- **Exercise directions**
Look below for the line containing "Gambar tak bertanggal"; from there through the line containing "7840 West Lick", both lines included, please set down each line exactly and nothing else.

[Items listed in a dataset]
===

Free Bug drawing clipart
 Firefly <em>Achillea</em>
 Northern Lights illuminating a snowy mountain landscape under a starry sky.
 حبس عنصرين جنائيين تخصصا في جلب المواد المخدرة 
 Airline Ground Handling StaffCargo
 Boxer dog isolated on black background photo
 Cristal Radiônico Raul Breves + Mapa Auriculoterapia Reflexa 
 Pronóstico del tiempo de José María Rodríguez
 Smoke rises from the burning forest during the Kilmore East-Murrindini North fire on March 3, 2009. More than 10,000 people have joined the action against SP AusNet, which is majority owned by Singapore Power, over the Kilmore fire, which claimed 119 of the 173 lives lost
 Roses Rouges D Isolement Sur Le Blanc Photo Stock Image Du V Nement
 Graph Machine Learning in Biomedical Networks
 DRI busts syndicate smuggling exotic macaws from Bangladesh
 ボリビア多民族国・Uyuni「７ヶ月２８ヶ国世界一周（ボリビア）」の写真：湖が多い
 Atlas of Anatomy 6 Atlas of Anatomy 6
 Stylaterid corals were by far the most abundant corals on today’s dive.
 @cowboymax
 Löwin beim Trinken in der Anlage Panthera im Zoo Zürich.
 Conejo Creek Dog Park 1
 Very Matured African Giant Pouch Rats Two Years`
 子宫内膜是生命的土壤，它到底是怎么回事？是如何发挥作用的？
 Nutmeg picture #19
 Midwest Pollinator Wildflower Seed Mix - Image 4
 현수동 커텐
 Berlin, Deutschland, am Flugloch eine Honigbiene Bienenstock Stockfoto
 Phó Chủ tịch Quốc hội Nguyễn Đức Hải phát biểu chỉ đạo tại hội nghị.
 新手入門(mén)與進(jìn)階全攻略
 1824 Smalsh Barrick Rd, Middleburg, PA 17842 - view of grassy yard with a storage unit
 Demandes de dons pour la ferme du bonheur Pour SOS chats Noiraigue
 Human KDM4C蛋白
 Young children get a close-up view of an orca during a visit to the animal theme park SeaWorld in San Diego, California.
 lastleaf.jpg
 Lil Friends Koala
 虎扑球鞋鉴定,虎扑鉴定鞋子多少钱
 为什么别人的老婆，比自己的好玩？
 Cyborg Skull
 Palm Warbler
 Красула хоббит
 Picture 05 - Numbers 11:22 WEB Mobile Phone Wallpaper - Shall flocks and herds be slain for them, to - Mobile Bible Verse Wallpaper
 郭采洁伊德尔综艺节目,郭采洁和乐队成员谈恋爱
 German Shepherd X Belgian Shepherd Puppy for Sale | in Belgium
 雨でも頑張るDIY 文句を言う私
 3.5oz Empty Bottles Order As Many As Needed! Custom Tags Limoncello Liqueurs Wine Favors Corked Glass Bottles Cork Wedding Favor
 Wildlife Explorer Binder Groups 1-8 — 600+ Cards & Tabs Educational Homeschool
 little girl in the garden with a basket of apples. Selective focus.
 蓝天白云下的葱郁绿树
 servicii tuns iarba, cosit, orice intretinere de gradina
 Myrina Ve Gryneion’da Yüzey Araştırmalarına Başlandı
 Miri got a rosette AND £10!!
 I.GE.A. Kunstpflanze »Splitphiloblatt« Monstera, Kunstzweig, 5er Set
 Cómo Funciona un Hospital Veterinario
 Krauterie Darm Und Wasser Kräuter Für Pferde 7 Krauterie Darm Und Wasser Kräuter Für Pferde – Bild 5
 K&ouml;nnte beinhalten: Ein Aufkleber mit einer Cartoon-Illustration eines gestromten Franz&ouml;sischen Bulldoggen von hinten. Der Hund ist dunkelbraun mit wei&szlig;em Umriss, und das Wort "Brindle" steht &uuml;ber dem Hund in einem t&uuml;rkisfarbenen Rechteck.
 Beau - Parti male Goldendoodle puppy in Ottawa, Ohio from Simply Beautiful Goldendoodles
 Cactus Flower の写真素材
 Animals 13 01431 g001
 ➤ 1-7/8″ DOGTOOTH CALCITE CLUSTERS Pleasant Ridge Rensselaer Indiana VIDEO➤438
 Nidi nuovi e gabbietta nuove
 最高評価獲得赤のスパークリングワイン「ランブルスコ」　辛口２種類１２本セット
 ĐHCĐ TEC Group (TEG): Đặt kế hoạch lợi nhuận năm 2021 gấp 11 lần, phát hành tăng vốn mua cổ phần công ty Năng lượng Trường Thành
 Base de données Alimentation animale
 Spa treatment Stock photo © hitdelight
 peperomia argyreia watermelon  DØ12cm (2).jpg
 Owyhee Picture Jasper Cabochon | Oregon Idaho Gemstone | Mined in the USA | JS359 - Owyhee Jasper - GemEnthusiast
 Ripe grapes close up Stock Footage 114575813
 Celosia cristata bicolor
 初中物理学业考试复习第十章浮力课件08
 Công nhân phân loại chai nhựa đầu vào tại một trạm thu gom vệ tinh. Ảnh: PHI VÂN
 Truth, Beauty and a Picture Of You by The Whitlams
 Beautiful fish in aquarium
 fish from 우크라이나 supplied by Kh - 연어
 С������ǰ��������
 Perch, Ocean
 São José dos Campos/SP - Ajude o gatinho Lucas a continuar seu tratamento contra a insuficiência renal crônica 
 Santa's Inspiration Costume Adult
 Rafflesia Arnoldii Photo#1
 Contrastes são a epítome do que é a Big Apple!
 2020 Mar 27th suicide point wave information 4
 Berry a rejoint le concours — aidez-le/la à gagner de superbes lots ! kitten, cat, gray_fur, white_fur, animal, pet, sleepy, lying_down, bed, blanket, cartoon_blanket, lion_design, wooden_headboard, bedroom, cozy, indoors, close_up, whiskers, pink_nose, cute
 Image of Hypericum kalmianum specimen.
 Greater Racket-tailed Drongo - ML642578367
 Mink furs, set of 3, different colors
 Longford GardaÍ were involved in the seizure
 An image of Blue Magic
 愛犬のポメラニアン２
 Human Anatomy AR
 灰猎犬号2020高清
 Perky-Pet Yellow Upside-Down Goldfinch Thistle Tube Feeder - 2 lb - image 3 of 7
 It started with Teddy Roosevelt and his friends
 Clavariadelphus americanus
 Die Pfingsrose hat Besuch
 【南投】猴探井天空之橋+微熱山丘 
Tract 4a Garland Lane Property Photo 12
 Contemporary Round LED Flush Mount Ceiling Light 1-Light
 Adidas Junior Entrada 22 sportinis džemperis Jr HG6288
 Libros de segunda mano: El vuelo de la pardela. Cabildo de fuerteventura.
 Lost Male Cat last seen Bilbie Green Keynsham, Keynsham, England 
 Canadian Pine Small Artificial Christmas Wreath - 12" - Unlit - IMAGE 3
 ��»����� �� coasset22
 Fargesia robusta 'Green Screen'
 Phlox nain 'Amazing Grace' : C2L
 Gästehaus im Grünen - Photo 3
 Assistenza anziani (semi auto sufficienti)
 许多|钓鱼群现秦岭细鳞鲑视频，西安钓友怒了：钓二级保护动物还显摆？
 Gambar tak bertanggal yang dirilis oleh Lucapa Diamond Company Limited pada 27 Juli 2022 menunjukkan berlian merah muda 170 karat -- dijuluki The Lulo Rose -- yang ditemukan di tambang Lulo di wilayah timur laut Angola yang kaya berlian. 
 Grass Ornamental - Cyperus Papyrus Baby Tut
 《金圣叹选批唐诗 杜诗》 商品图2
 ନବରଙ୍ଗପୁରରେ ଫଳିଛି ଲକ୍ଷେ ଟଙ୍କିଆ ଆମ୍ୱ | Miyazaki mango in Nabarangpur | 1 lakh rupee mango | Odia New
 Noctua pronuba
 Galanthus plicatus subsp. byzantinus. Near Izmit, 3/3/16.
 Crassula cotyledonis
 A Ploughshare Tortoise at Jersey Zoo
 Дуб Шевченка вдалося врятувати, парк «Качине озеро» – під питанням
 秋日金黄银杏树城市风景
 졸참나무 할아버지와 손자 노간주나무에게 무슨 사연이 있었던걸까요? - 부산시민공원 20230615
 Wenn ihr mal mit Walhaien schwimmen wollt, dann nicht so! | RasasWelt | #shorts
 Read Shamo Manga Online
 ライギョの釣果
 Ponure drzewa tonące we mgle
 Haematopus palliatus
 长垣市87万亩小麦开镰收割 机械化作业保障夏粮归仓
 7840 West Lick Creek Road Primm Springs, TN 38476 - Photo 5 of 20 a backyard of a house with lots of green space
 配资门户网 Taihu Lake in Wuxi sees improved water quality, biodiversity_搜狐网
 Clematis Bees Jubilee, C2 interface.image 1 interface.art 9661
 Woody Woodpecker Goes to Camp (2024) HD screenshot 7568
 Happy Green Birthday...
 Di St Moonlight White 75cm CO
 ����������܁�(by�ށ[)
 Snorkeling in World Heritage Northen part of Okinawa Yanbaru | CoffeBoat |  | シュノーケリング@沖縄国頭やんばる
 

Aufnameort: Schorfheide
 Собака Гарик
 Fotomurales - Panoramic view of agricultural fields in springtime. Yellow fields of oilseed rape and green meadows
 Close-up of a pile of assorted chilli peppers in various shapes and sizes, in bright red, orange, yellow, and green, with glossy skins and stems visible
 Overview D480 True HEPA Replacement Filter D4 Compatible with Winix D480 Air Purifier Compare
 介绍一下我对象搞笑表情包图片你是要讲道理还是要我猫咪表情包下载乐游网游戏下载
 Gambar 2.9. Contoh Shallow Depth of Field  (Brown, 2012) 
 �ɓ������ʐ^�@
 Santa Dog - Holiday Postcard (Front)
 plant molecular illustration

===

- **Result**
 Gambar tak bertanggal yang dirilis oleh Lucapa Diamond Company Limited pada 27 Juli 2022 menunjukkan berlian merah muda 170 karat -- dijuluki The Lulo Rose -- yang ditemukan di tambang Lulo di wilayah timur laut Angola yang kaya berlian. 
 Grass Ornamental - Cyperus Papyrus Baby Tut
 《金圣叹选批唐诗 杜诗》 商品图2
 ନବରଙ୍ଗପୁରରେ ଫଳିଛି ଲକ୍ଷେ ଟଙ୍କିଆ ଆମ୍ୱ | Miyazaki mango in Nabarangpur | 1 lakh rupee mango | Odia New
 Noctua pronuba
 Galanthus plicatus subsp. byzantinus. Near Izmit, 3/3/16.
 Crassula cotyledonis
 A Ploughshare Tortoise at Jersey Zoo
 Дуб Шевченка вдалося врятувати, парк «Качине озеро» – під питанням
 秋日金黄银杏树城市风景
 졸참나무 할아버지와 손자 노간주나무에게 무슨 사연이 있었던걸까요? - 부산시민공원 20230615
 Wenn ihr mal mit Walhaien schwimmen wollt, dann nicht so! | RasasWelt | #shorts
 Read Shamo Manga Online
 ライギョの釣果
 Ponure drzewa tonące we mgle
 Haematopus palliatus
 长垣市87万亩小麦开镰收割 机械化作业保障夏粮归仓
 7840 West Lick Creek Road Primm Springs, TN 38476 - Photo 5 of 20 a backyard of a house with lots of green space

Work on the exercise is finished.